BEAM079 Coding Analytics for Accounting and Finance Assignment | UOE

Category	Assignment	Subject	Accounting
University	University of Exeter	Module Title	BEAM079: Coding Analytics for Accounting and Finance

Assignment Option (A) – Social Network Analysis.

Requirement

This assignment investigates Social Network Analysis and requires you to evaluate a network of company directors.

Using data from BoardEx (available via WRDS)1, you are tasked with compiling a network of company directors using your knowledge of Social Network Theory. The network should consist of nodes (the directors) and edges.
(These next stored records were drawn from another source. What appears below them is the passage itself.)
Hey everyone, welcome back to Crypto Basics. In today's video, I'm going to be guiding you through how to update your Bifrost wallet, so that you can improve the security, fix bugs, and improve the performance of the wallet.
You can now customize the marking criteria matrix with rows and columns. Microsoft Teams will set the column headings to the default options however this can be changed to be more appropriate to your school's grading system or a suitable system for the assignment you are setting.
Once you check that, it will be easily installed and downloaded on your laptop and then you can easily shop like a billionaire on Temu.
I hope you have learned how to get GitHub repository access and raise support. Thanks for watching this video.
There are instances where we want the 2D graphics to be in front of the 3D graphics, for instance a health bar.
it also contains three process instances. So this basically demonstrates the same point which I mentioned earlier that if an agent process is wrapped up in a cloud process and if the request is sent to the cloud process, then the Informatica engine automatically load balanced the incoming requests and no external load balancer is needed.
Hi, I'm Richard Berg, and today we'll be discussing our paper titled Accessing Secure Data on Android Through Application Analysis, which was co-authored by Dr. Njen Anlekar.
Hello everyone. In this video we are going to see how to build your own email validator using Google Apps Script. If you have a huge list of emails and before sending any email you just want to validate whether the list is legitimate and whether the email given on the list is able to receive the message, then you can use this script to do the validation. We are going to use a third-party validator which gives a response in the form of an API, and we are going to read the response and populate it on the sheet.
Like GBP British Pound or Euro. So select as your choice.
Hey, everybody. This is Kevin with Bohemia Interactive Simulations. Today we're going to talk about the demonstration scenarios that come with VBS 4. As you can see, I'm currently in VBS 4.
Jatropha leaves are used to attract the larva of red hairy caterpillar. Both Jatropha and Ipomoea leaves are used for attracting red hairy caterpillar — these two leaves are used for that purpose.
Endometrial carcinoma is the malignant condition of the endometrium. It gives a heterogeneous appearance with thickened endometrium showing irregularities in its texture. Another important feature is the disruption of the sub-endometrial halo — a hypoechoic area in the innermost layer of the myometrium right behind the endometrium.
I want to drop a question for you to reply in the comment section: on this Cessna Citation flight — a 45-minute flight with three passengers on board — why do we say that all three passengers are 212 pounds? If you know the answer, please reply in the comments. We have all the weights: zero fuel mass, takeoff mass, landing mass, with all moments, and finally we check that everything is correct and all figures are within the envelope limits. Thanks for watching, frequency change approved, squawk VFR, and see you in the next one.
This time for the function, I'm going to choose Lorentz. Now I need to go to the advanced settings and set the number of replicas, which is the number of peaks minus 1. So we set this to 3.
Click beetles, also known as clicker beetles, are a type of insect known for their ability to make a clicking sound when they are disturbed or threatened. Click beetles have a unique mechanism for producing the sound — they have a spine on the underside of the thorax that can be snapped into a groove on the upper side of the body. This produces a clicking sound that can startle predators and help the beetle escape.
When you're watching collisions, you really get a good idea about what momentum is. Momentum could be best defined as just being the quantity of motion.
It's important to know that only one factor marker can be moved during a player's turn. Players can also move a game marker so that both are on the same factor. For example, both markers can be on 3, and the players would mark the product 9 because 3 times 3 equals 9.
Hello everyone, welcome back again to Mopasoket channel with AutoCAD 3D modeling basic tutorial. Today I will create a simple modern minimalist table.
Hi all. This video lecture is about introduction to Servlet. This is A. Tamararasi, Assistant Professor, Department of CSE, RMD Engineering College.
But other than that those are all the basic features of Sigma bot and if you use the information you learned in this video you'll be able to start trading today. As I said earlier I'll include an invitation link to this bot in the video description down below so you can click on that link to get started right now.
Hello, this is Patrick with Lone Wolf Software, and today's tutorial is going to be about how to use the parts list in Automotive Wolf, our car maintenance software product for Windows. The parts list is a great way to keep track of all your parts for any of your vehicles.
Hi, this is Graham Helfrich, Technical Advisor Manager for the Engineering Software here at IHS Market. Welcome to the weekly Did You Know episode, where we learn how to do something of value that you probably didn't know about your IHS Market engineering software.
The edges between each node should be connected only if the directors sit on the same company board in the same year.

Your network should span at least one whole year and include the latest full (calendar) year of data from BoardEx (currently this would be 2023). BoardEx has three databases of companies and their directors, US, UK, and Europe; you may use any one of these for your analysis.234

Your analysis should include a statistical investigation into the network you create. Who are the key, central and influential players in the network? Why are they so influential? Do they often represent a particular type of company or companies, or have particular characteristics?
To answer these questions, you should provide information regarding the network in terms of the centrality measures provided to you in class: Degree, Betweenness, Closeness and Eigenvector centrality.

Using your python skills acquired within this module (and elsewhere), your report should seek to provide (but not limited to):

An introduction – A general discussion of Social Network Analysis, the potential application to corporate director networks, what your research goals are, and what you hope to achieve through your analysis.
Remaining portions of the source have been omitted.